皆さんも一度は耳にしたことのあるであろう”鍋ワード”として、「鍋奉行」というのがあります。
鍋料理を食べる時に「まだ追加の具材入れちゃダメ!」とか「この具材は最後に入れるんだよ」などと的確なアドバイスをしてくれる方々です。
この鍋奉行という言葉自体は世間に浸透しており色々な用途で使われています。
お店の名前になったり小説の題名になったり。
また、コミックバンドの曲名にも入ったりしています。
これらは良い意味・・というか悪いイメージはあまりないようですが、本来の鍋に関することで使われる「鍋奉行」という言葉は、良い意味で使われることってあまり多くありません。どちらかと言えば悪いイメージで使われることが多いと思います。
ところが、鍋奉行という言葉の由来を調べてみると、一概にそうとも言えない由来があるかも・・・ということが分かりました。
今日はそんな「鍋奉行」についてのお話し。
悪いイメージで使われる「鍋奉行」
先ほど述べた悪いイメージで使われる場合、鍋奉行という言葉には次のような意味合いが発生しています。
・仕切りたがり
・好きなように食べさせてもらえない
・自分勝手
「あのひとは鍋奉行だから、仕切りたがる・・」とか「鍋奉行がいるから、自由に食べられない」といった具合にです。

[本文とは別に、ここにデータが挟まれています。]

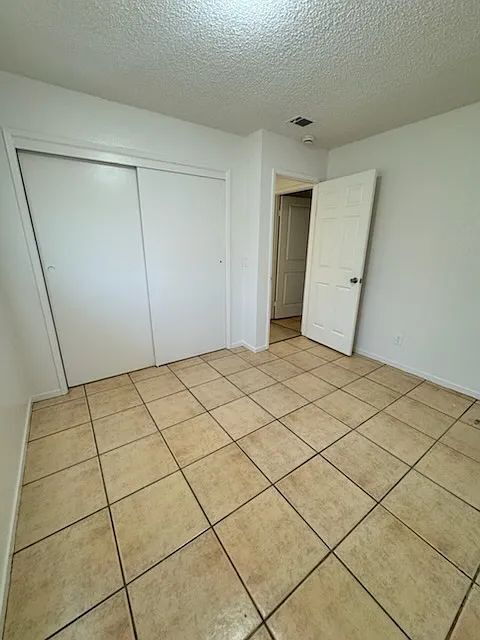 Building Photo - 2553 Glen- 2bd 1 bath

以上のように悪いイメージで使われることが多い鍋奉行という言葉、そもそもどのような由来があるのでしょうか?調べてみました。
鍋奉行の由来
この言葉の出所は、実はあまりはっきりとしていません。
鍋料理を食べる時の仕切る人に対して「偉そう」という嫌味を込めて付けられた俗語である・・・とか、昔のお殿様の料理番のことをそう呼んでいた・・・とかいろいろな説があります。
中にはこのような説も
江戸時代の初期は、鍋は貴重な道具でした。
そこで大切な鍋をきちんと管理するために設けられた役職が鍋奉行なのですね。
鍋を守るという仕事を名目に強い権限が与えられていたそうです。参照:「三人寄れば」
この説が正しければ、鍋奉行というのは悪い意味はなく、良い意味で使われるべき言葉だったんですね。
ここまで鍋奉行の悪い部分ばかり挙げてきたので、鍋奉行がいる場合のメリット(良いイメージ)も挙げてみましょう。
鍋奉行がいる場合のメリット
鍋奉行がいて周りが受けるメリットは
・最高な状態で美味しく鍋を食べさせてくれる
・初対面のような集まりで皆が遠慮している場合でも、指示を出してくれる
・どの具材を食べたら良いか分からない人に、適切なアドバイスを出してくれる
・遠慮して鍋に手を伸ばせない人に、取り分けてくれる
等といったものがあると思います。
このように、遠慮がちな人がいる場合には重宝する存在なのかもしれません。
まとめ
鍋奉行の存在は、決して悪いものではありません。昔は貴重な鍋を管理するエライ人だった可能性もあるわけですし。
人によっては「自分勝手」「うっとうしい」といったように感じられる場合もありますが、遠慮がちで手を出せない人や初対面ばかりの集まりの場合には、役に立ち場の空気を良くする存在なのかもしれません。
以上、鍋奉行に関する考察でした。めでたしめでたし。